By department, the city is proposing $2.4 million in cuts to the cultural and community services department, eliminating 8 jobs, $2.2 million in public works, which eliminates 12 positions, saving $1 million in the fire department, $988, 000 in the police department, deferring the hiring of five public safety trainees,  $194 million to the information technology department, $190 million on the city manager’s staff and other cuts totaling $469,000.

 

City Manager Alex Nguyen told the crowd that the FBI raided city hall in 2010 and the district attorney published their findings in 2012.

 

“Not long after that, the city manager was placed on administrative leave, and the interim city manager served for about two years,” he said. “The city brought on a city manager in 2014 who did a great job of unraveling and explaining what all the problems were and that resulted in the 2015 management assessment report.”

 

The city had a full audit of its finances in 2016, and there were 111 findings.

 

“Early in 2018, that city manager resigns, and we had an interim city manager for six months,” he said. “Last July, I showed up.”

 

The public didn’t appreciate all the turmoil that happened when they tried to fix the chaos before 2010, he said, and what happened when the FBI raided city hall was not about the next eight years, it was about the prior 15-20 years, and those serious problems accumulated over a long time.

“Included in that, we had an outdated fee structure as an organization, which we are working to update,” he said. “All the city fees, the problem with it is, you should update some fees every year, or every two or three years. There are fees on the books since 1972.”

 

The city also did not have a good capital improvement plan or a parks master plan.

 

“A lot of the information and analysis you need to properly manage and plan for the organization you didn’t have,” Nguyen said. “We have and still have an outdated cost allocation formula, which is similar to the fees except it’s all within the city.”

 

Adding to the problem, he said, was dealing with a $3.2 million deficit at the Oxnard Performing Arts Center, plus a $2.8 million deficit at the golf course.

 

“During this last decade, budget-after-budget, we had to start paying back to make up for many of those mistakes,” he said. “The general fund had to return a lot of money to the various assessment districts that were not managed correctly to the tune of $4.4 million. The city also had to convert 140 part-time employees to full-time employees with benefits. They were classified for many years as part-time employees, and they were working as full-time employees.
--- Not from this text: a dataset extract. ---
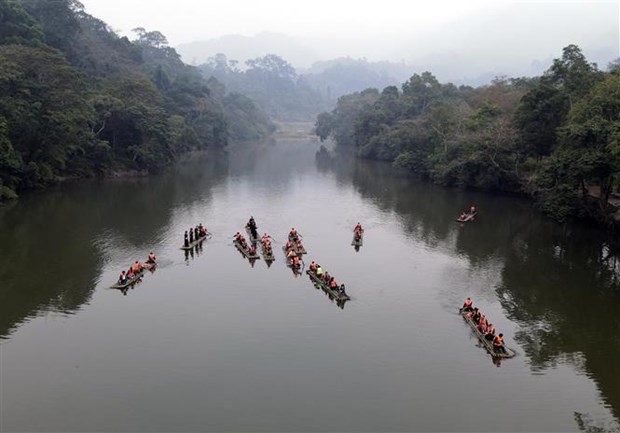 Sản phẩm du lịch "Bơi mảng - Hát Then trên hồ Nà Nưa" mở đầu cho chuỗi các chương trình kích cầu du lịch Tuyên Quang năm 2022. Ảnh Vũ Quang – TTXVN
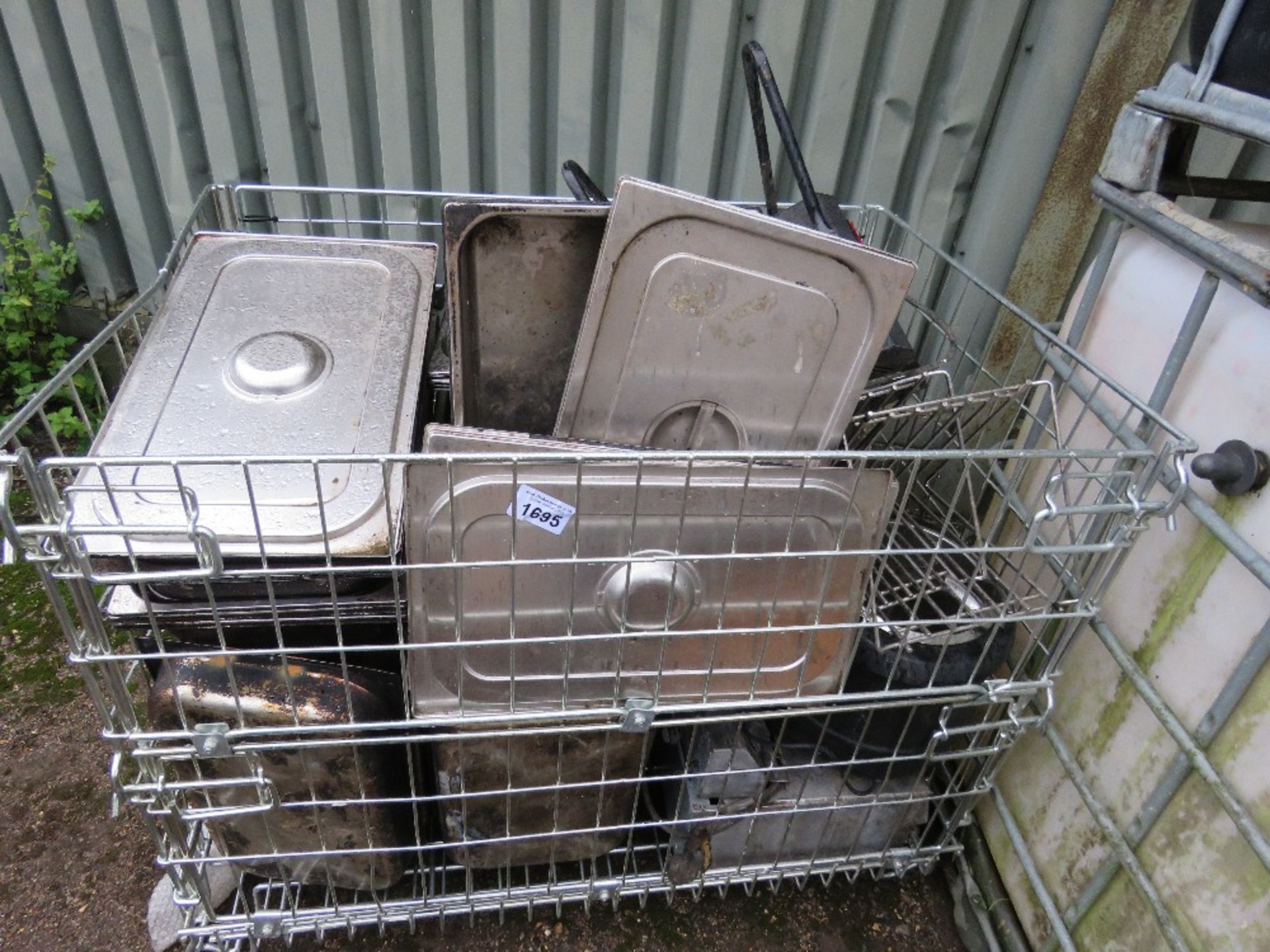 STILLAGE CONTAINING A LARGE AMOUNT OF CATERING RELATED ITEMS INCLUDING 3 X SOUP HEATER BOWLS ETC. - Image 2 of 5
It’s improper to treat part-time employees as full-time employees and not pay them as full-time employees.”

 

That mistake cost the city between $5-6 million per year, he said, which is a new ongoing cost.

 

“For many years, the city was getting the services of all those employees at a discounted rate,” he said. 

 

The city borrowed $16 million from the Measure O tax during the 2015-16 budget year to cover the general fund, and they are paying that back over a 10-year repayment schedule.

 

Before 2015, the city spent an average of $75,000 to $125,000 a year on the annual audit, and since then, the city has been spending approximately $3 million on auditing services over the last four years because there were so many problems.

 

“This current year, we discovered that we had a pension liability from the City Corp program and that’s a $2 million price tag we have to pay,” he said. “Last year, there was a special recall election, and that was $500,000. That is a rare thing and let’s hope that doesn’t happen again.”

 

Meanwhile, he said the pension costs were skyrocketing which is beyond the city’s control, and they don’t have any influence over what PERS (Public Employees Retirement System) does and how PERS does it.

 

“There was a long-term fix and improvement implement back in 2013, and they changed the formula so it will cost less for local governments and over time, all city employees will be in the PEPRA formula,” he said. “The classics, those of us who are older, will be gone.”

 

Through all that, Nguyen said there was “intense instability among the executive leadership” and over 10 years, 46 people filled 10 executive positions, which means 36 people left those positions.

 

“On average, each of those 10 years we had 3.6 executives leave,” he said. “To be clear, not all of those departures were bad, but no organization can be successful with this much turnover in such a short time. When this occurs, bad things are likely to happen, good things are not so likely to happen, and one thing that won‘t happen is innovation.”

 

As the city looks toward the fiscal year 2019-2020, Nguyen said the city faces a $9.2 million deficit if they do nothing.

 

With all that said, the city must restructure and look at job eliminations along with some strategic additions to the staff.

 

“The bottom line is there are certain areas in the city where we must perform better; the finance department and the planning department,” he said. “If we don’t do these things, we won’t be able to organize and manage our finances better, and we won’t be able to attract investment and expand our economy. We’ve got to grow our revenues.” 

 

Chief Financial Officer Kevin Riper reviewed the budget with the attendees and said a little more than 75 percent of the general fund revenue comes from taxes.

 

“We’re looking at a 4 percent increase in property tax coming into the city from this fiscal year to next fiscal year,” he said. “That’s consistent with the last 10 years, ever since the recession, when everybody’s property tax dipped, Oxnard has averaged about 4 percent a year, and that’s what we’re looking at for next year.”

 

The city is planning a sales tax increase of 3.5 to 4 percent during the upcoming budget year.

 

On the expenditure side, Riper said three-quarters of cost is for salaries and benefits.

 

“Not surprisingly, public safety accounts for almost 60 percent of the general fund expenditures,” he said. “Cultural and community services are $10 million; community development services are $10 million, and $12 million is for public works, admin and other expenditures.”

 

Pension costs for those employees are the big driver for the increases, he said, and since 2011, the city’s pension costs have doubled.

 

“That’s an 8 percent per year annual growth rate,” he said. “That’s way faster than revenue has been growing. Pension costs are eating into the general fund in a big way.”

 

The city’s rainy-day fund sat at $18 million on July 1, 2018, and by the end of the fiscal year 2018-2019, the city should have an operating deficit of approximately $3 million which brings the rainy-day fund to $15 million.

 

“Our city council has a long-standing policy of 18 percent of spending, but we will only be at 11 percent come June 30,” Riper said. “The government finance office recommends a two-month operating reserve for all cities ranging in size from small to large.”

 

If the city does nothing or operates on auto-pilot for the next fiscal year, the $9 million-dollar deficit as it currently stands brings the fund balance down to 4 percent.

 

This story will continue on May 24.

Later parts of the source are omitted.